Based on current medical information, the evaluation of male fertility is not so simple. There is new information regarding what sperm numbers and motility are associated with normal fertility. In this system, men with sperm counts above 48 million/cc, show “HIGH” fertility, in other words they are normal. The new system recognizes a large indeterminate or gray area when sperm numbers are between 13 million and 48 million/cc. Many men fall into this category. We choose to call this the “FAIR” fertility zone. Some men with these sperm numbers will father a pregnancy and some will not, it is impossible to precisely predict. Men with less than 13 million/cc almost all show “LOW” fertility and are probably infertile.
The sperm analysis information applies to movement and sperm shape as well. With regard to movement or motility, men with more than 63% of sperm moving have “HIGH” fertility potential; men with movement of 32-63% have “FAIR” fertility potential; men with movement of less than 32% have “LOW” fertility potential.
The new semen analysis system uses an entirely different way to evaluate sperm shape called strict morphology. The same 3 areas as above are observed. Men with more than 9% of sperm with a perfect shape have “HIGH” fertility; men with sperm shape 4-9% have “FAIR” fertility; men with sperm shape less than 4% have “LOW” fertility. In most cases of sperm morphology of less than 4%, there is also a decrease in sperm motility and/or number.

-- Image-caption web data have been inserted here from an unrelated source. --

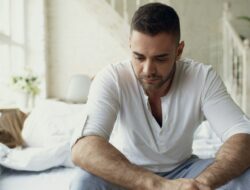 7 warning signs you’re falling for emotionally unavailable men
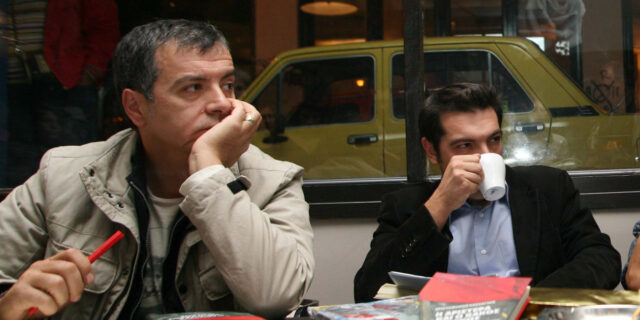 Θεοδωράκης: Ειρωνεία ο Τσίπρας να δηλώνει κεντροαριστερός, κυκλοφορώντας αγκαζέ με τον Καμμένο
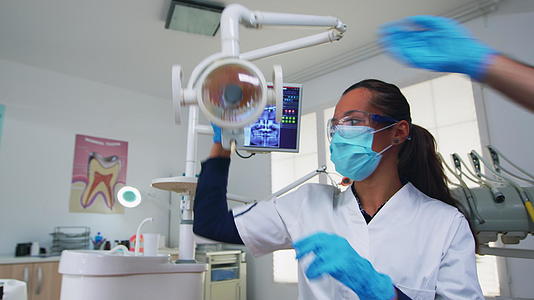 病人第一视角去牙科诊所做外科手术视频的预览图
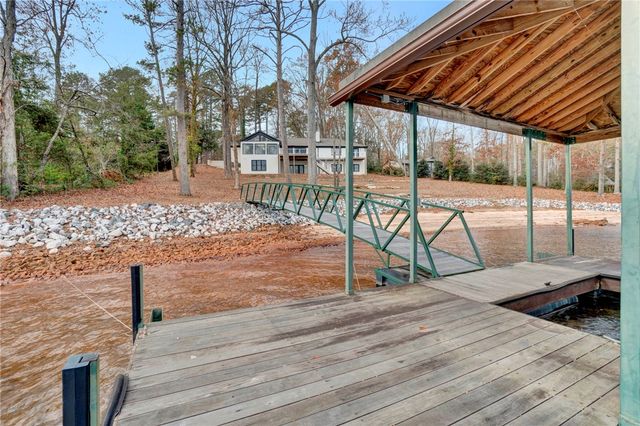 10041 Maughan Trail, Seneca, SC 29672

There are effective treatments to be applied to all of the above categories of sperm quality to assist with conception.
Other tests have been devised to test sperm function including: the acrosome reaction test; the zona assay; the hamster test. None of these tests have effectively translated into useful medical information and therefore we do not use them.
Sperm antibodies (autoantibodies), in other words antibodies that a man makes against his own sperm are present in about 5% of infertile men. The contemporary view of male fertility specialists is that sperm antibodies do not cause infertility and therefore we do not test for them.
Men with low sperm counts are offered testing to evaluate whether they carry a genetic abnormality that could be transmitted to the offspring. This is because some causes of low sperm counts are genetic so a couple is at risk for having a male baby who will have similar problems as his father. A karyotype is a genetic test that looks at the chromosomes, in general, for any abnormalities. There is also more focused testing, such as microdeletion testing that look for genetic pieces that are missing. These missing pieces of certain genetic information on the Y-chromosome are known to cause male factor infertility. In men with no sperm (azospermia) karyotypes are abnormal 10-15% of the time and Y-microdeletion testing is positive in approximately 15%. In men with sperm concentrations less than 2 million/mL, a karyotype will be abnormal 5% of the time and Y-microdeletion testing is positive for an abnormality in about 10% of cases. Meeting with a genetic counselor is also available for couples. All genetic causes of male infertility are not known or testable so a normal result to genetic testing does not rule out the possibility that male infertility might be inherited. Frequently, genetic testing in infertility is not covered by insurance.
Forty percent of men with no sperm in the analyzed semen have an obstruction (blockage) that prevents the sperm from being ejaculated. This can result from infection in the reproductive tract, from failure of a surgical procedure to reverse a vasectomy, or by a malformation in the tract known as congenital bilateral absence of the vas deferens (CBAVD). CBAVD is frequently associated with the gene complex responsible for Cystic Fibrosis. Genetic testing for Cystic Fibrosis is recommended in these cases.
Abnormal results of a semen analysis may lead your physician to suggest a consultation with a urologist. Testing by the urologist may reveal a hormonal or anatomic problem that can be corrected, thereby improving the sperm quality.
In situations where the urologist concludes that the quality or quantity of the sperm cannot be significantly improved, specific treatments can be offered such as intrauterine insemination of the partner’s sperm (IUI), donor insemination or in vitro fertilization (IVF).